THE WASHINGTON POST:
Parents clutched shiny new folders and shuffled 7-year-olds through crowded, brick-walled hallways. Past the booth with the spirit-wear sale and sign-up forms for the PTA stood Julie Bostian, tan uniform tucked into army-green shorts, ready to recruit. “You guys thinking about Scouts?” she said to a mother and her son. I can’t do Mondays,” one mother said apologetically. “Football,” said another, shaking her head while walking past.
“Just come in to visit,” said Bostian, 53. “See if it works out.” Here at back-to-school night at Lewistown Elementary School in Thurmont, Md., a rural town at the foothills of the Catoctin Mountains, Bostian was building a pipeline for a local Boy Scout troop she continues to support long after her sons, now in their 20s, have aged out of the program.

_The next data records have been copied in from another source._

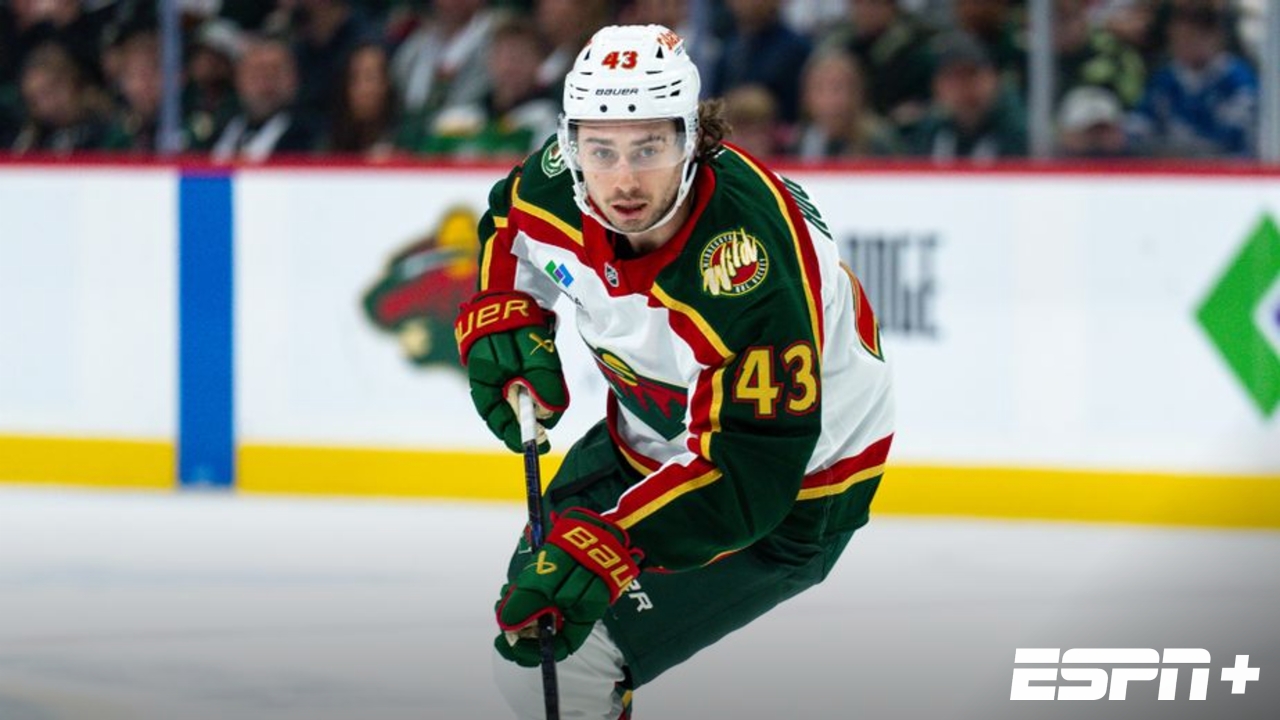 Minnesota Wild vs. Vegas Golden Knights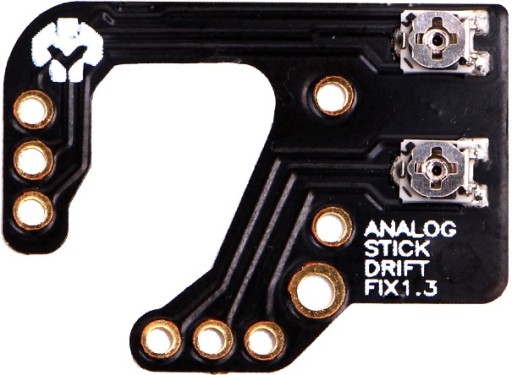 POTENCIOMETER DRIFT FIX DUALSENSE V1.3 PAD PS5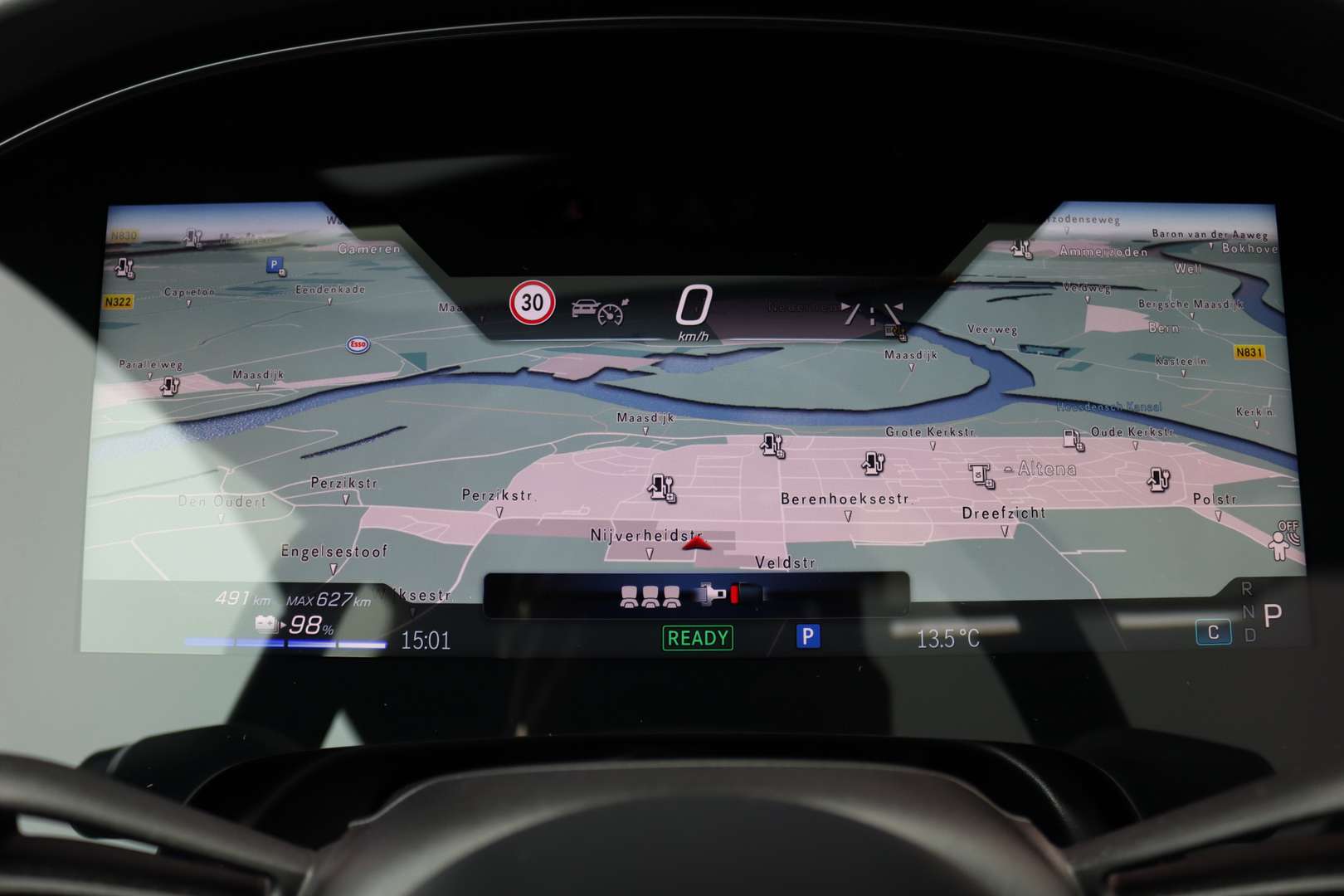 Mercedes EQS 350 Exclusive Line - 2025 - Joinsteer - #30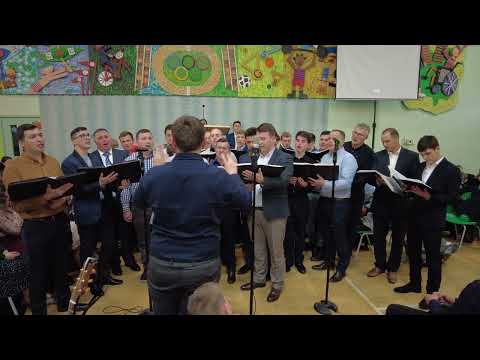 CORUL BĂRBĂTESC - A DAT STAPÎNUL NOSTRU TALANTI - 01-05-2022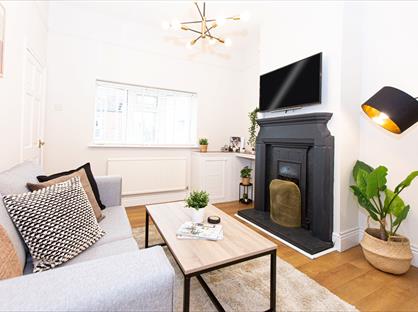 2 Bed End Terrace, Hastings Street, NG4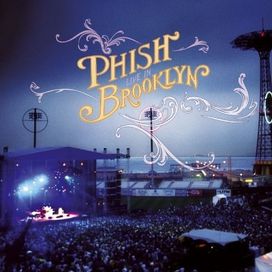 Live in Brooklyn - 2006 • Álbum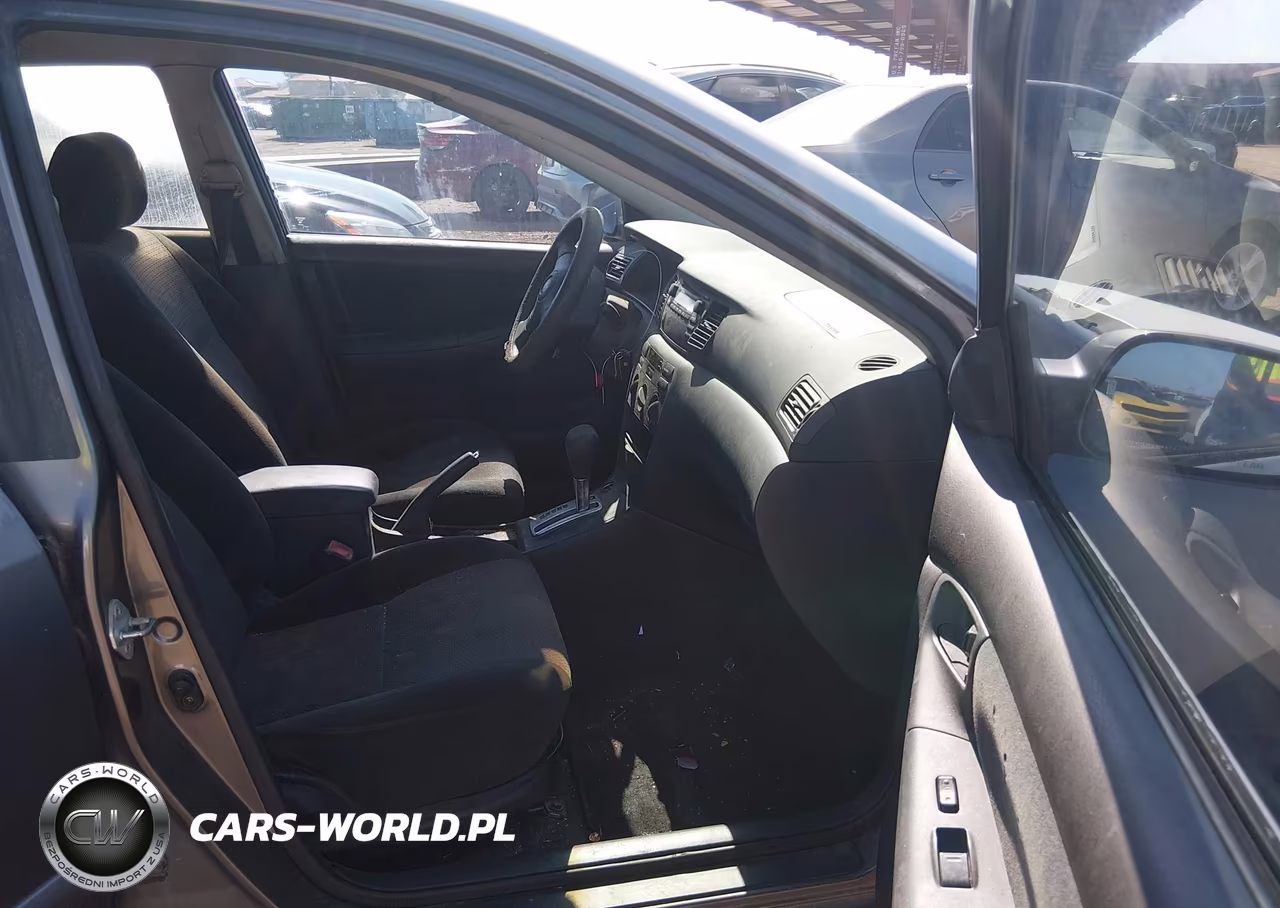 2004 Toyota Corolla S VIN:1NXBR32E24Z319810 - 5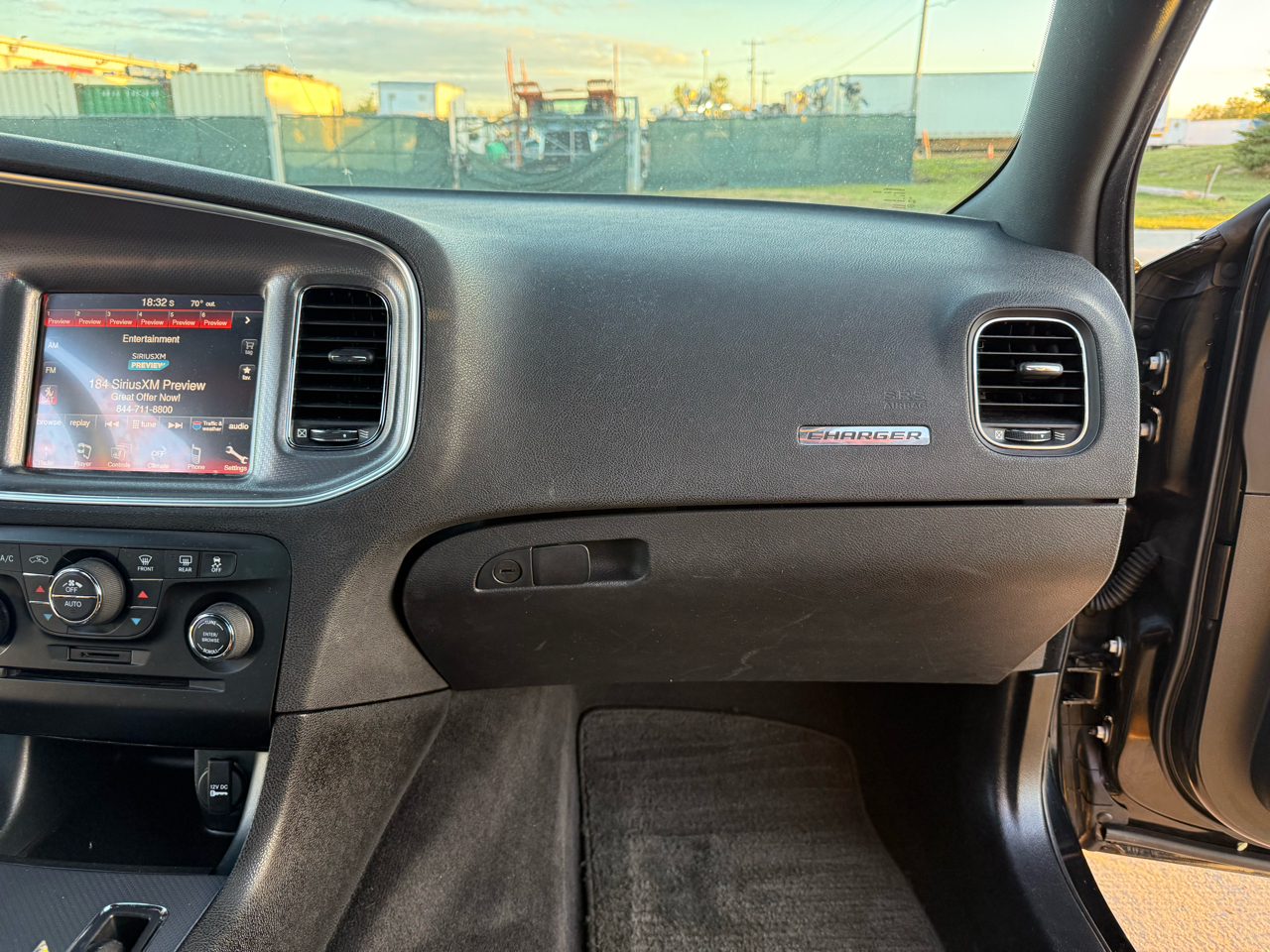 Dodge Charger SXT AWD 2014
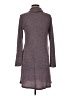 Hello Miz Purple Turtleneck Sweater Size Med Maternity - photo 2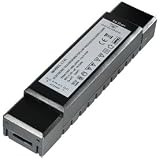 Produkt-Bild: Elektronischer Halogen Trafo 230V auf 12V, 70-210 Watt mit &Uuml;berlastungsschutz und Temperatursicherung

As the new school year begins, Bostian and Scout leaders across the country are vying for the future of an organization facing unprecedented threats from several corners. Looming over the Boy Scouts are lawsuits that threaten to tarnish its image, reports of a potential bankruptcy and a struggle to define what it means to be a Scout today. Most recently, a group of lawyers claimed to have uncovered hundreds of previously unreported cases of sexual abuse at the nearly 110-year-old organization.